━━ Data extract

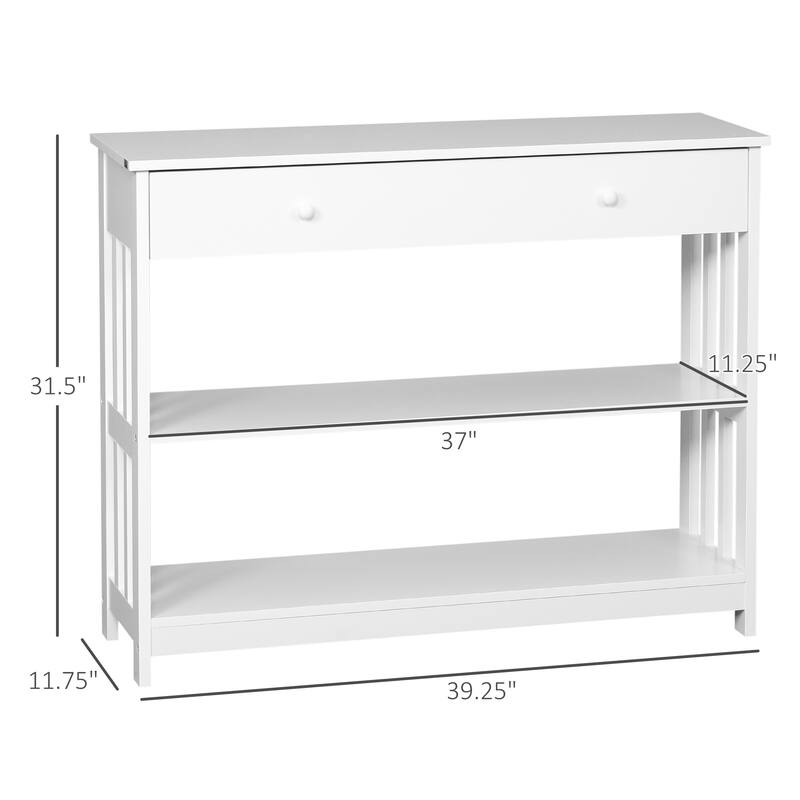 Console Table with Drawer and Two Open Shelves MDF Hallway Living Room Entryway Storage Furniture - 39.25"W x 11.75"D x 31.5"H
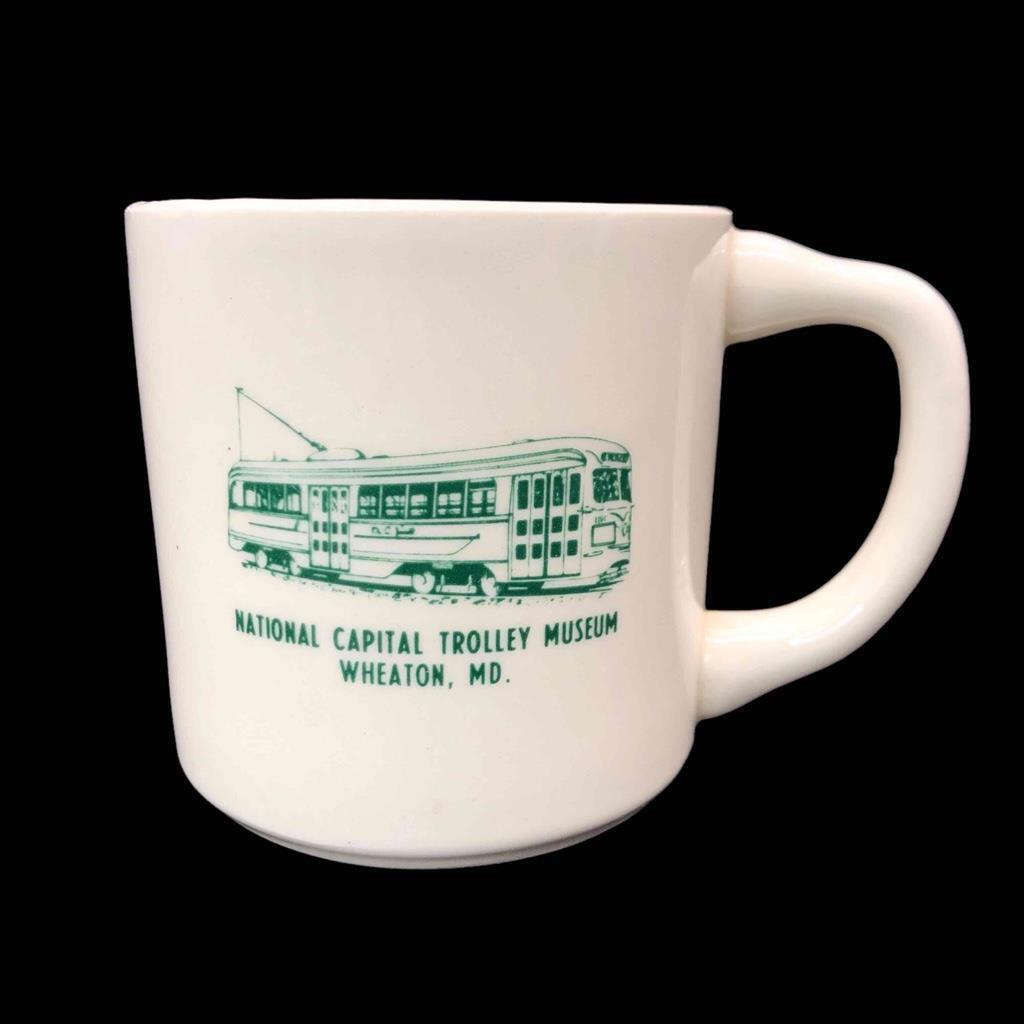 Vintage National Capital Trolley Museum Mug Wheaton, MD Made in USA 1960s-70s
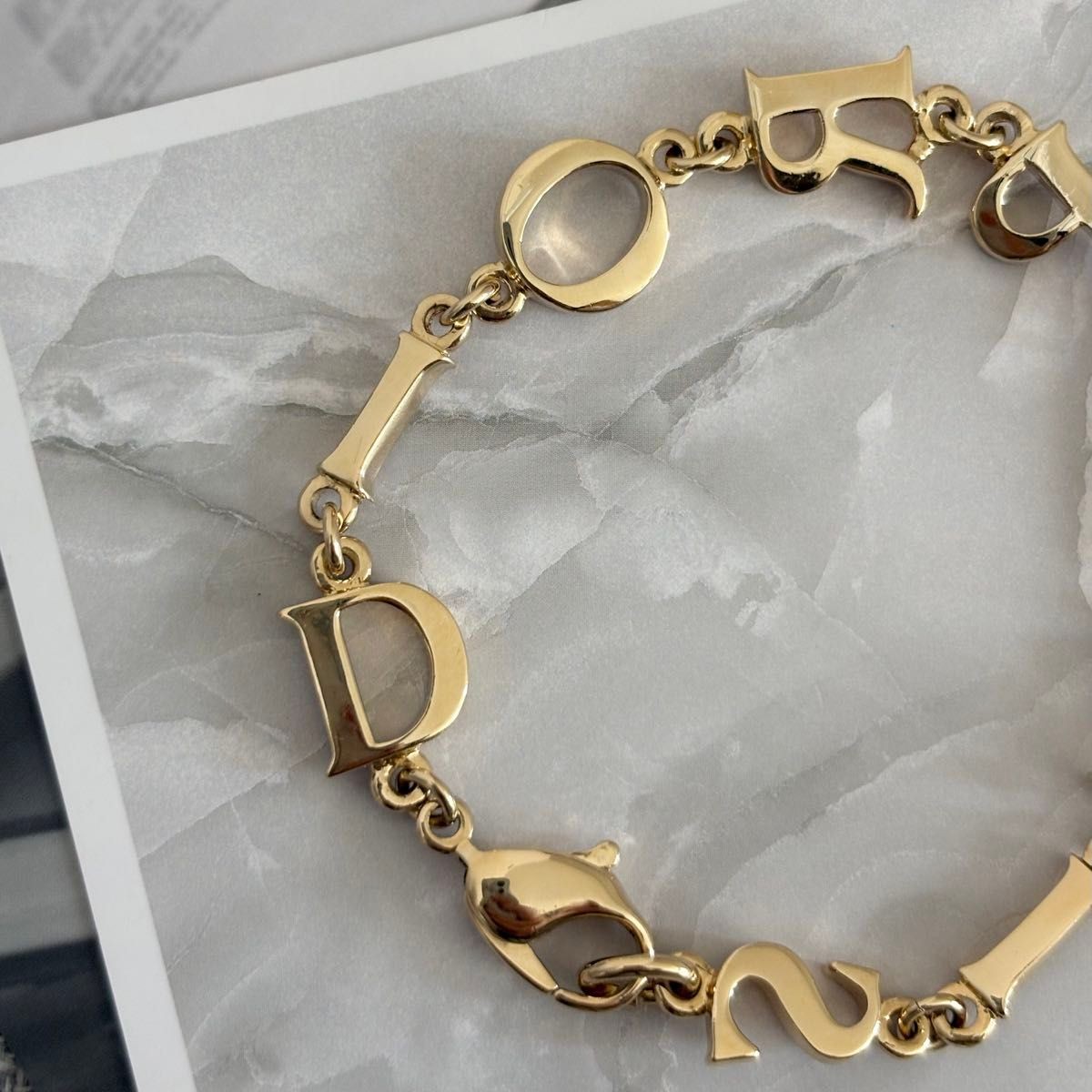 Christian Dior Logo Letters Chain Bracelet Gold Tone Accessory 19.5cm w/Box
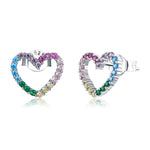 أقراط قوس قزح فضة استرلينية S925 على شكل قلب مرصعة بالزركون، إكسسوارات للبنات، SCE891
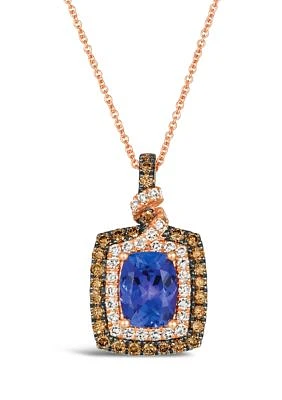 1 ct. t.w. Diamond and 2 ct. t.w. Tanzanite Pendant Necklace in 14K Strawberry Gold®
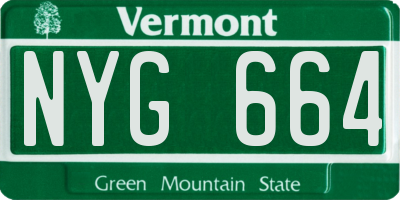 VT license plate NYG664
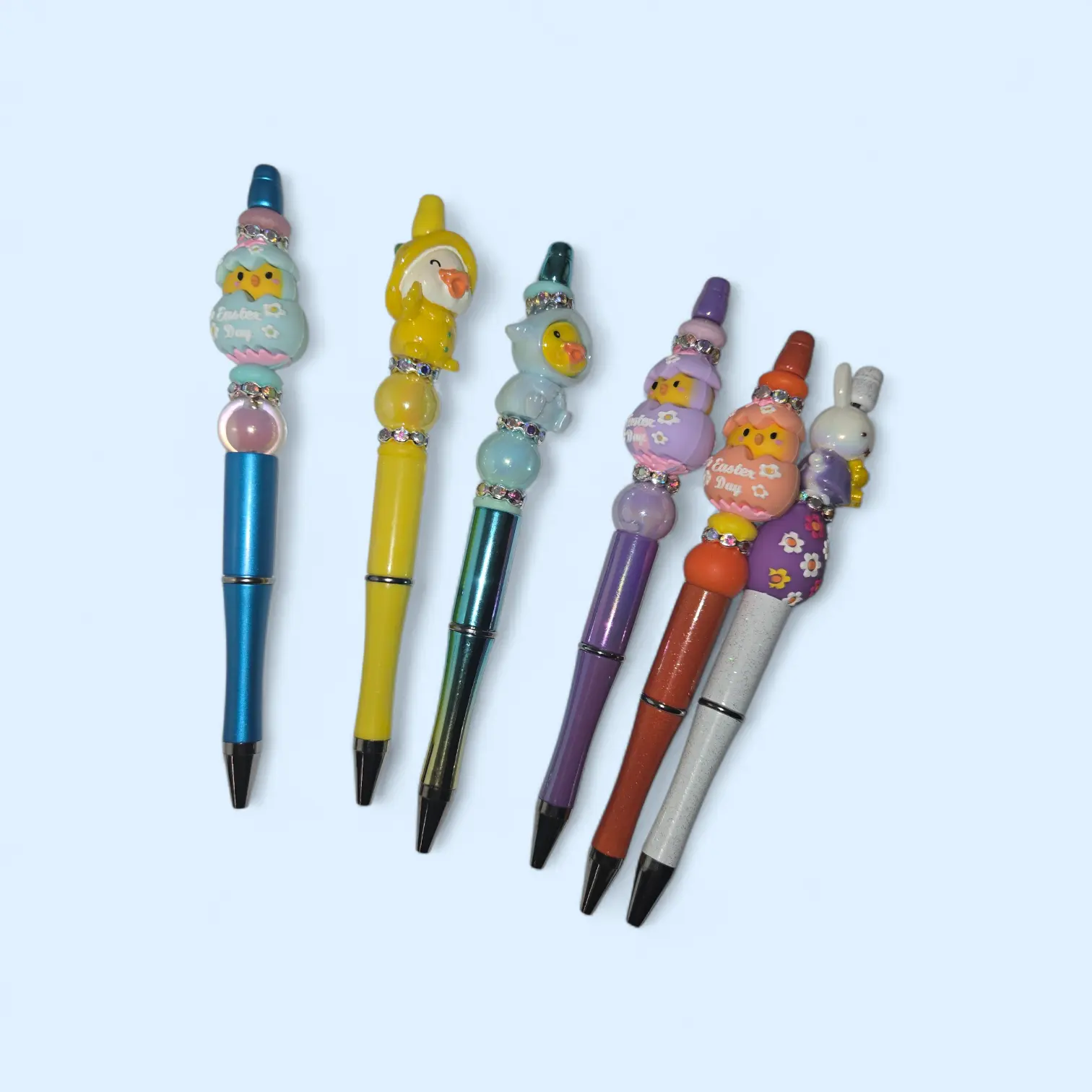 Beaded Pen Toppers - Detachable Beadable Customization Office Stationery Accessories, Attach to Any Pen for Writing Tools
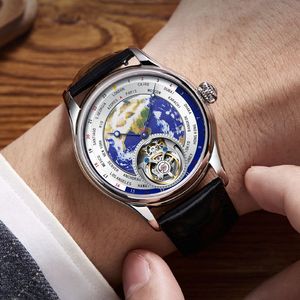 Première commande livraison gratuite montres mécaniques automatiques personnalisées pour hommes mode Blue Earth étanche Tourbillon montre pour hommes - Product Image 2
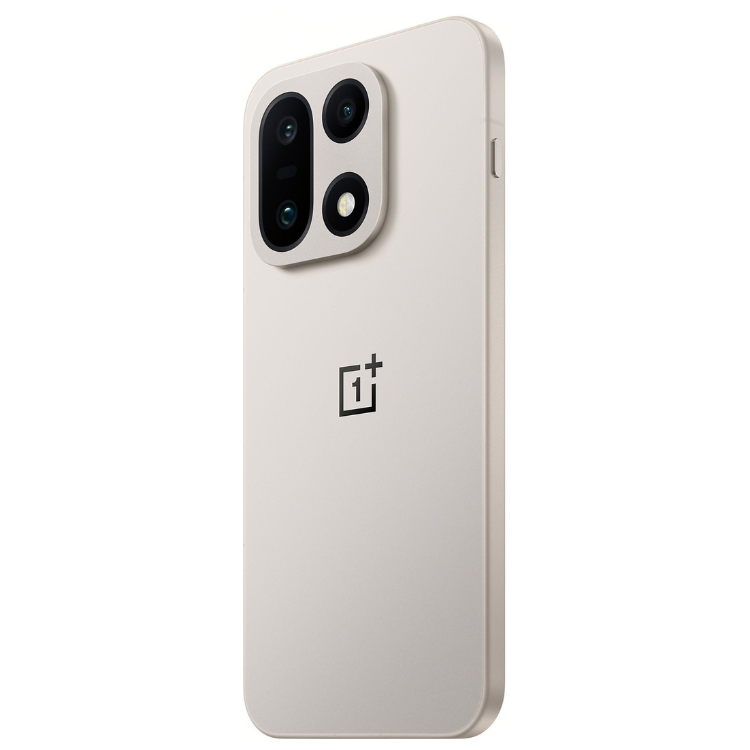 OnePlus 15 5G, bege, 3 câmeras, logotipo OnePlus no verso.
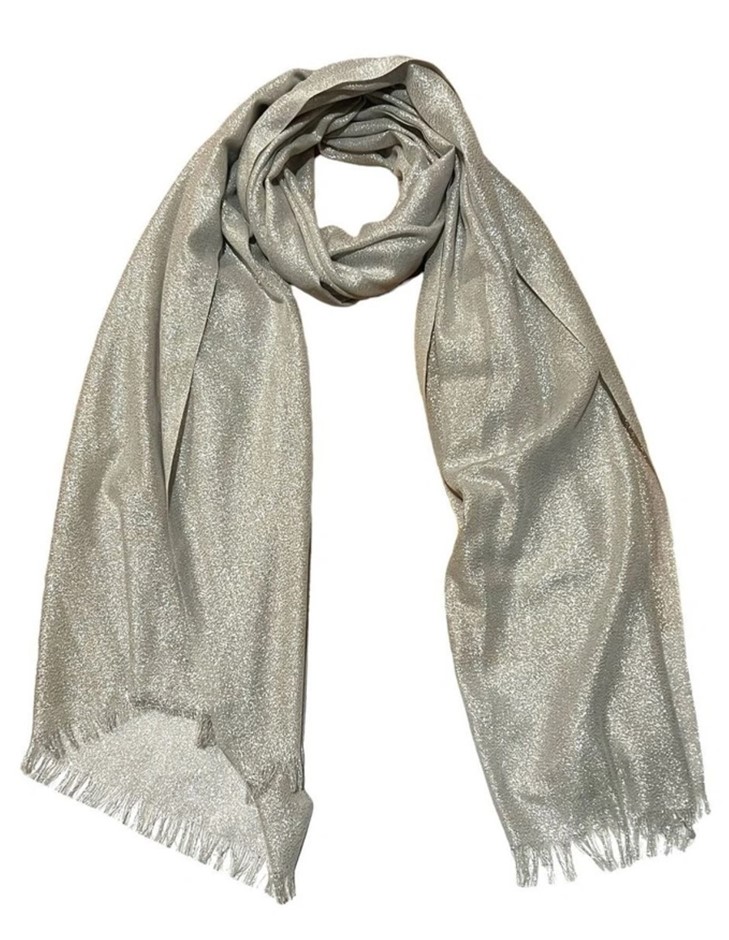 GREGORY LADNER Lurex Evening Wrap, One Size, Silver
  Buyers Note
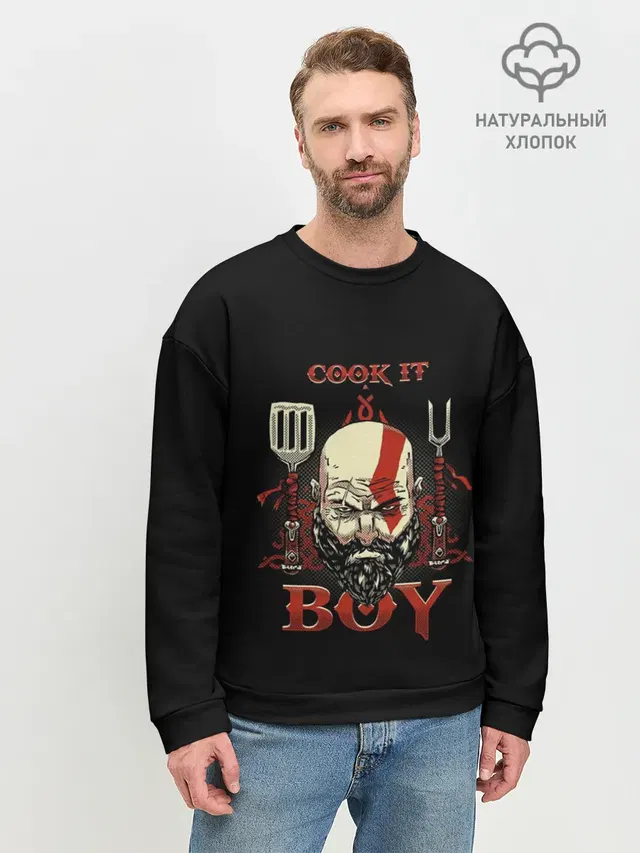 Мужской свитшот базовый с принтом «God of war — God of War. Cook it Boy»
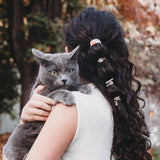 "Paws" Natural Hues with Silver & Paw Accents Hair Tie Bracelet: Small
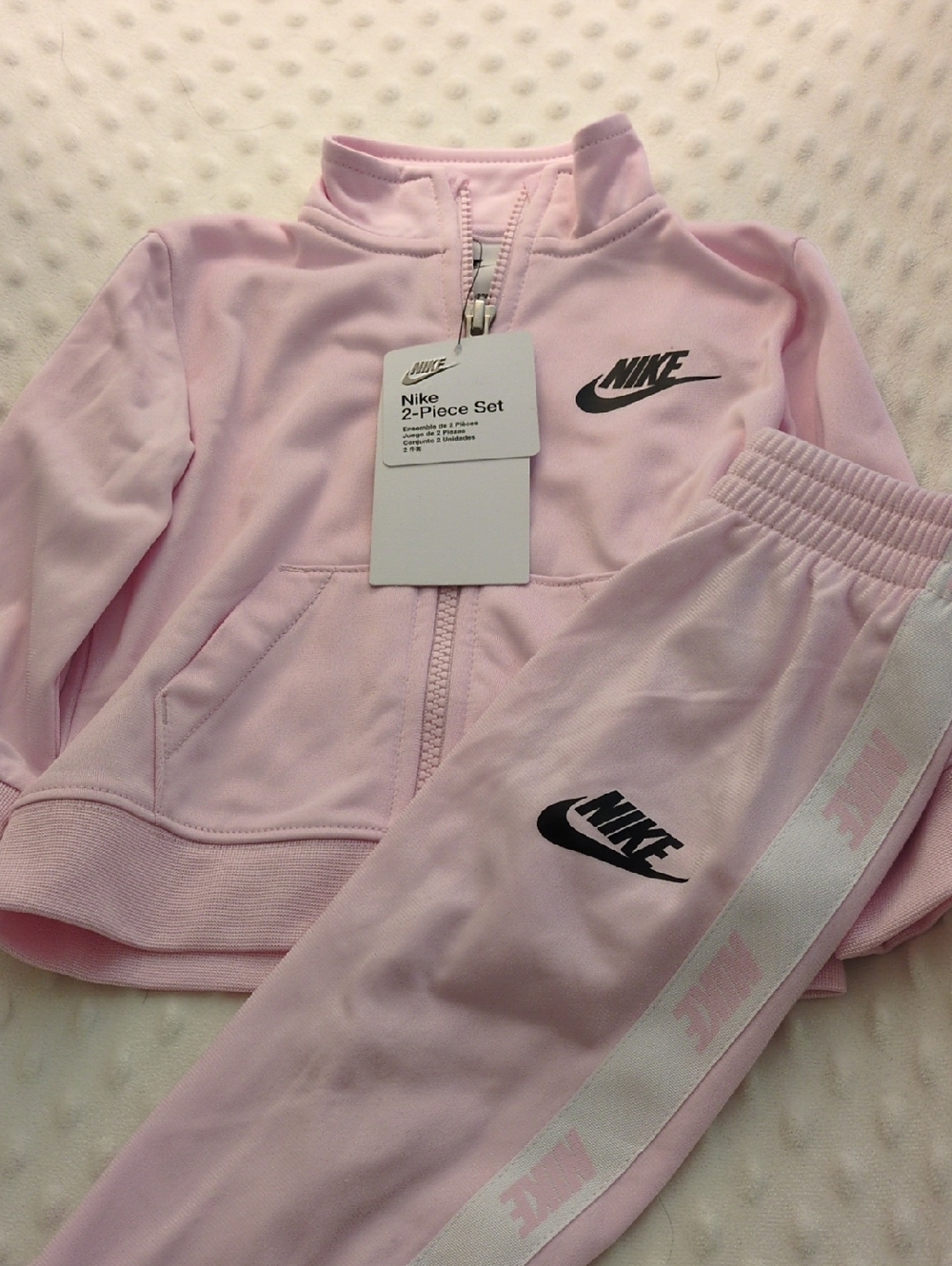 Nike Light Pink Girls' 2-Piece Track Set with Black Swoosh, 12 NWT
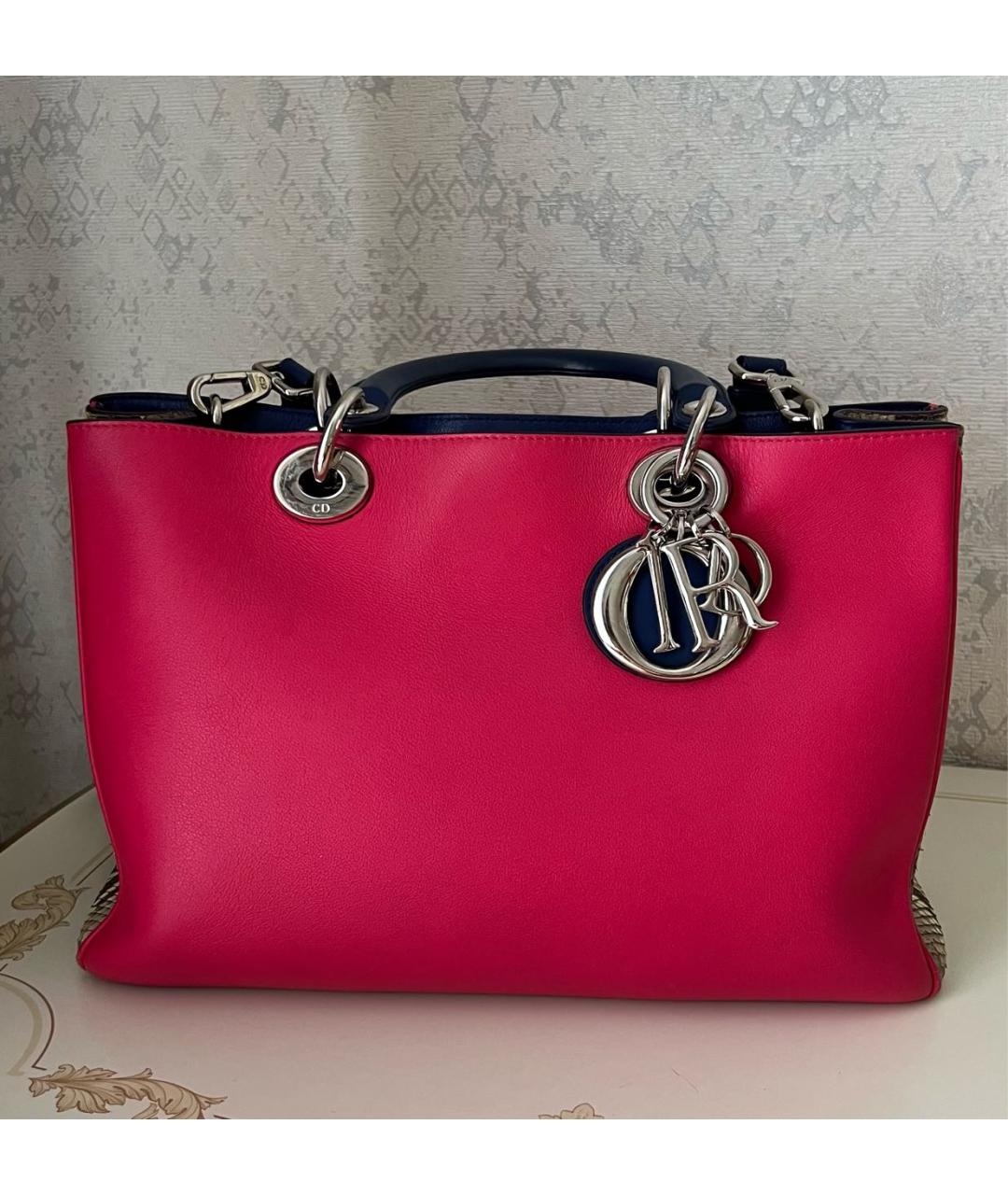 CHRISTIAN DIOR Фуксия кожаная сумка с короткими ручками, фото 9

━━━━

**Exercise objective**:
Return exactly the line containing "Beaded Pen Toppers" and every line after it, up to and including the final line of the entries above. Pictures stay out.

**Answer section**:
 Beaded Pen Toppers - Detachable Beadable Customization Office Stationery Accessories, Attach to Any Pen for Writing Tools
 Première commande livraison gratuite montres mécaniques automatiques personnalisées pour hommes mode Blue Earth étanche Tourbillon montre pour hommes - Product Image 2
 OnePlus 15 5G, bege, 3 câmeras, logotipo OnePlus no verso.
 GREGORY LADNER Lurex Evening Wrap, One Size, Silver
  Buyers Note
 Мужской свитшот базовый с принтом «God of war — God of War. Cook it Boy»
 "Paws" Natural Hues with Silver & Paw Accents Hair Tie Bracelet: Small
 Nike Light Pink Girls' 2-Piece Track Set with Black Swoosh, 12 NWT
 CHRISTIAN DIOR Фуксия кожаная сумка с короткими ручками, фото 9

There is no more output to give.